Yep, that's it. I love it... but I must have hit it on sale. I would have said <50 is what I recall. Maybe I've just been recommending it too much and built up the demand!


----------



## ghost1066 (Jun 11, 2015)

JR Custom Calls said:


> The screw on mine is on the opposite side of the handle. If you give me the model number of yours, I'll see if I can find a manual and locate the adjustment for ya


Thanks here is the info from the data plate. Delta serial # is R 9149 and catalog # 11-950 not much but that is what there is.


----------



## ghost1066 (Jun 11, 2015)

Schroedc said:


> Could be worse, they just started road construction in front of my shop. I can kiss off all the summer tourist business for this year plus it looks like my show tomorrow is going to be cancelled due to weather.....
> 
> Up here I've got folks up the wazoo asking me to make duck calls but I'm worried I'll end up with saturation pretty quick and then how many calls would I get stuck with......

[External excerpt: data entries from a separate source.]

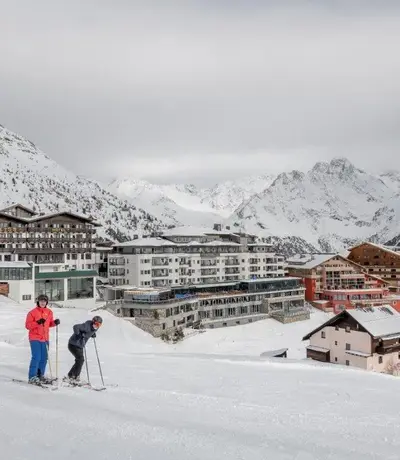 Ihr Superior-Skihotel direkt im Skigebiet Sölden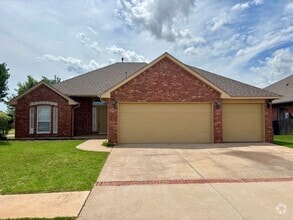 Building Photo - Charming 4 Bed 2 Bath in Yukon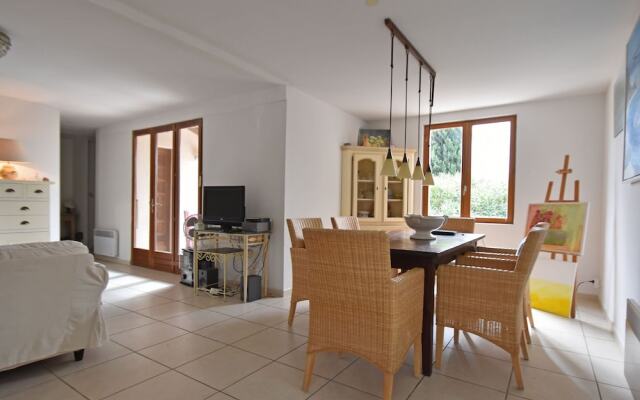 Lovely Villa in Soleil d'Oc with Swimming Pool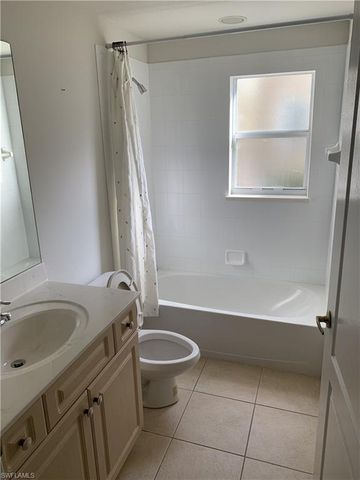 8148 Tauren CT N332, Naples, FL 34119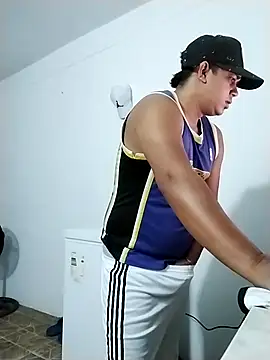 Snapshot of Alex_man23 chatting on 11/05/25, 10:43 Alex man23 online show from 11/05/25, 10:43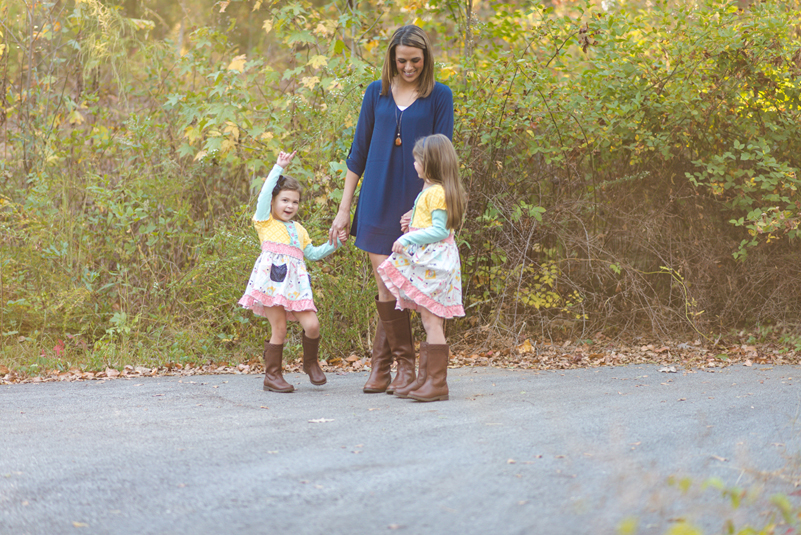 family-of-four-fall-photos-with-two-little-girls-south-carolina_24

Can't get much worse for me. The list of problems here is so long most people wouldn't believe it if I told them. If I had people wanting anything I would be in the shop non stop till they stopped asking. Hate to hear your season is a bust that sucks and I know about cancelled shows. I can't even get to a show since I still have no vehicle and that is going on eight months now.


----------



## JR Custom Calls (Jun 11, 2015)

I couldn't find much online... but this looks like it might be it (circled). Mine is just a flat head screw. If you take the two nuts off the handle on the opposide side and carefully take off the spring, the handle should slide out, while you hold up on the quill. you can get a better look that way. My quill has a slot on the side that the screw rides in. if you tighten it up until it'll just barely slide in there, it should take out the runout.

Reactions: +Karma 1


----------



## ghost1066 (Jun 11, 2015)

Thanks Jonathon like you said there isn't much online thanks for looking. I saw that screw and wondered if that might be it but had no idea what to do with it.


----------



## ripjack13 (Jun 11, 2015)

Can't hurt to give em a call either.

http://www.deltamachinery.com/contact-us


----------



## ripjack13 (Jun 11, 2015)

Does your plate look like this?


----------



## ghost1066 (Jun 11, 2015)

@ripjack13 I just posted no then remembered I never looked at the motor data plate so yes it does. This along with the other numbers are all the info on the press.

Jonathon does the handle need to be removed to make adjustments? I can see the groove in the quill and tightened the screw but the runout didn't improve.


----------